Los primeros resultados, según comentó, muestran que los estudiantes llegan más puntuales. El desafío, ahora, es evaluar el impacto de esta medida en el rendimiento académico y la salud.
Estrés e insomnio
Por último, abordó el problema del insomnio, que puede manifestarse de distintas formas: dificultades para conciliar el sueño o para sostenerlo en el tiempo. En muchos casos, explicó, el principal factor es el estrés.
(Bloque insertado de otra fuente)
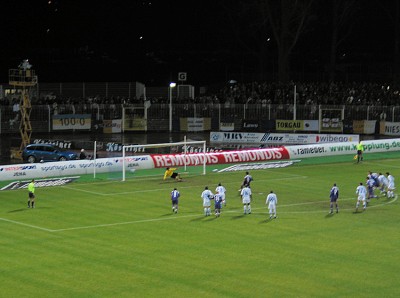 Als gute Gastgeber spendierte der FCC den Auern die frühe 1:0-Führung per Elfmeter.
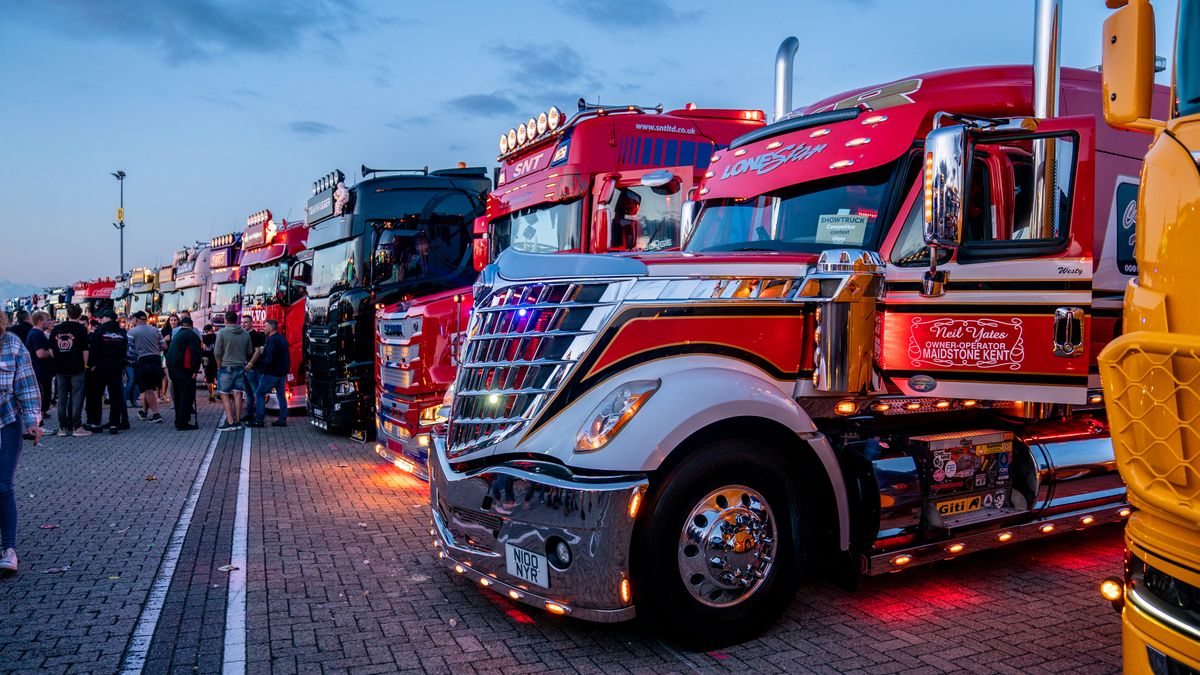 In Beeld Feest En Glimmende Trucks Op Het Truckstar Festival RTV Drenthe in-beeld-feest-en-glimmende-trucks-op-het-truckstar-festival-rtv-drenthe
Frente a esto, recomendó incorporar hábitos que ayuden a reducir la activación antes de dormir, como leer, escuchar música o practicar técnicas de relajación. “Todo lo que baje el estrés va a ayudar al sueño”, concluyó.
La curiosidad como motor
Más allá del tema central de la charla, Golombek dejó una reflexión sobre la curiosidad, un rasgo que, según señaló, suele estar más presente en la infancia. “Los chicos hacen preguntas que de grandes nos da vergüenza”, afirmó, y advirtió que, en algunos casos, la educación formal tiende a desalentar esa actitud.
Recuperar esa capacidad de asombro, sugirió, es también una forma de acercarse al conocimiento científico y de sostener preguntas abiertas sobre fenómenos tan complejos como el sueño.